> **Task statement**: Exclude images; transcribe the rest of the data exactly.
** Provided data follows **
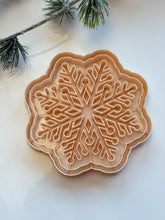 Load image into Gallery viewer, Snowflake #3 Trinket Dish/Coaster Clay Cutter PCC1893
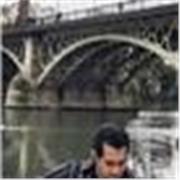 Tras 20 años enseñando guitarra y formación de conservatorio, me adapto para sacar tu máximo potencial musical.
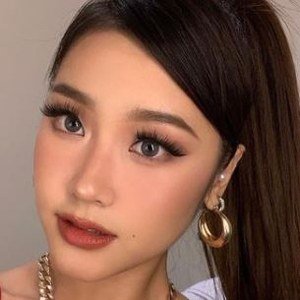 Heyoon Jeong, 29 (流行歌手)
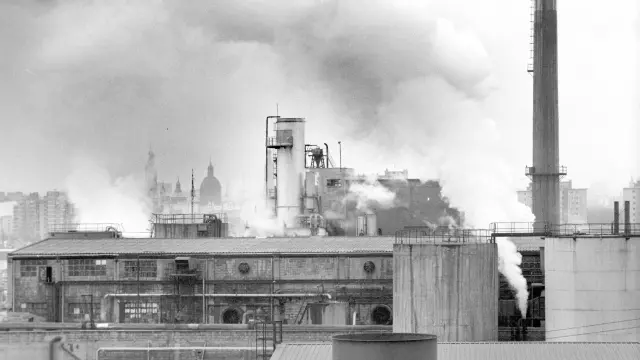 La vieja fábrica química de La Almozara, en una foto de los años 60.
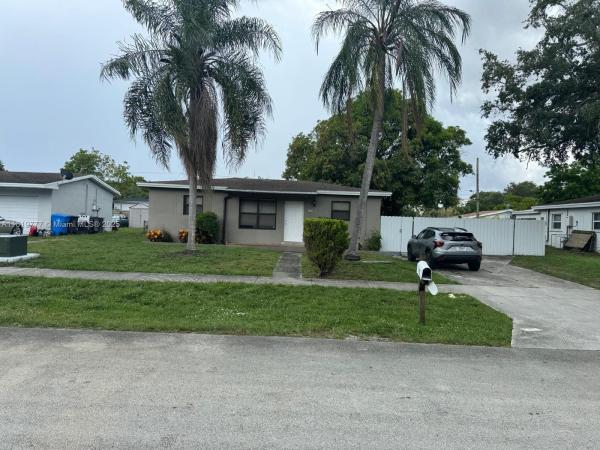 Lake Forest, 4620 SW 31st Dr, West Park, Florida 33023, image 1
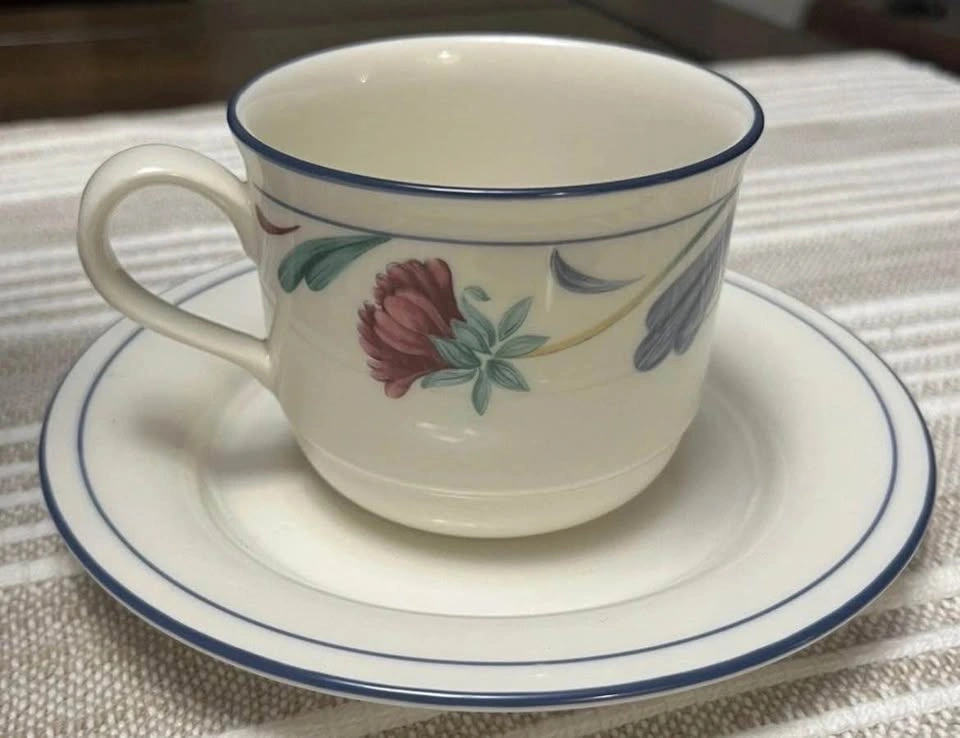 Vintage Lenox Chinastone "Poppies on Blue" Cup & Saucer Set - photo 3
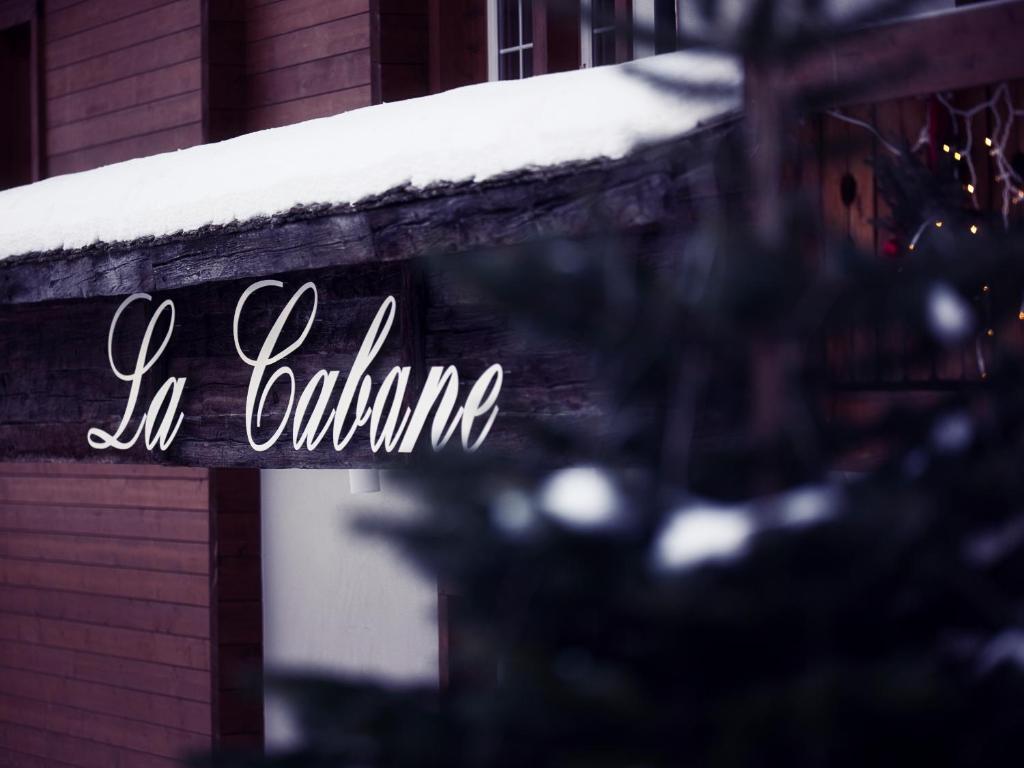 um sinal que diz na Colômbia sobre um edifício em Boutique Hotel La Cabane em Bettmeralp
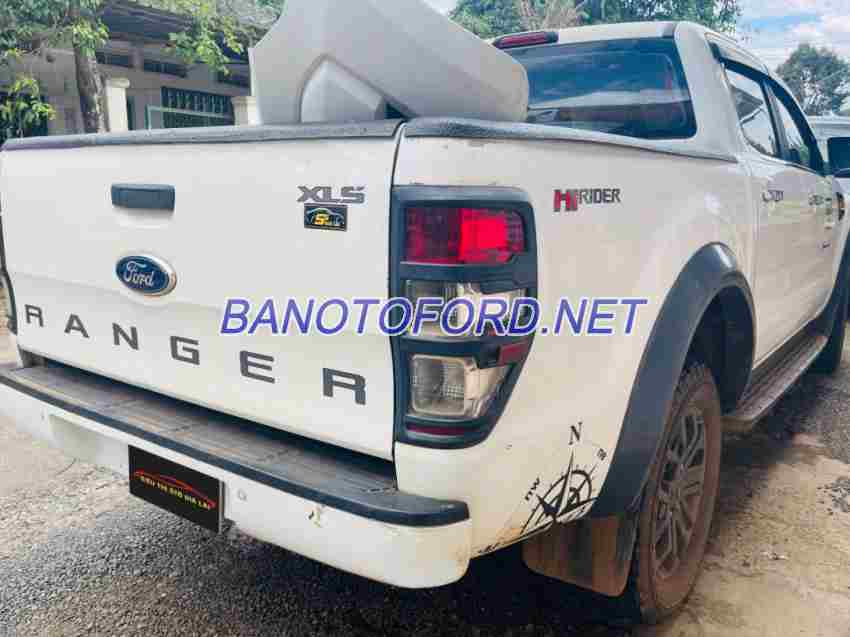 Cần bán gấp Ford Ranger XLS 2.2L 4x2 AT 2016 - Xe đẹp - Giá tốt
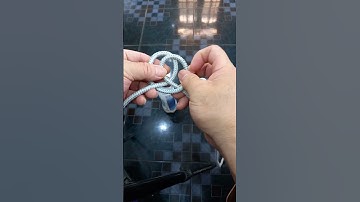 mẹo buộc dây sách 2 chai nước rất nhanh rất chắc chắn #shorts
** End of Provided data **
> **Answer for this exercise**:
 Load image into Gallery viewer, Snowflake #3 Trinket Dish/Coaster Clay Cutter PCC1893
 Tras 20 años enseñando guitarra y formación de conservatorio, me adapto para sacar tu máximo potencial musical.
 Heyoon Jeong, 29 (流行歌手)
 La vieja fábrica química de La Almozara, en una foto de los años 60.
 Lake Forest, 4620 SW 31st Dr, West Park, Florida 33023, image 1
 Vintage Lenox Chinastone "Poppies on Blue" Cup & Saucer Set - photo 3
 um sinal que diz na Colômbia sobre um edifício em Boutique Hotel La Cabane em Bettmeralp
 Cần bán gấp Ford Ranger XLS 2.2L 4x2 AT 2016 - Xe đẹp - Giá tốt
 mẹo buộc dây sách 2 chai nước rất nhanh rất chắc chắn #shorts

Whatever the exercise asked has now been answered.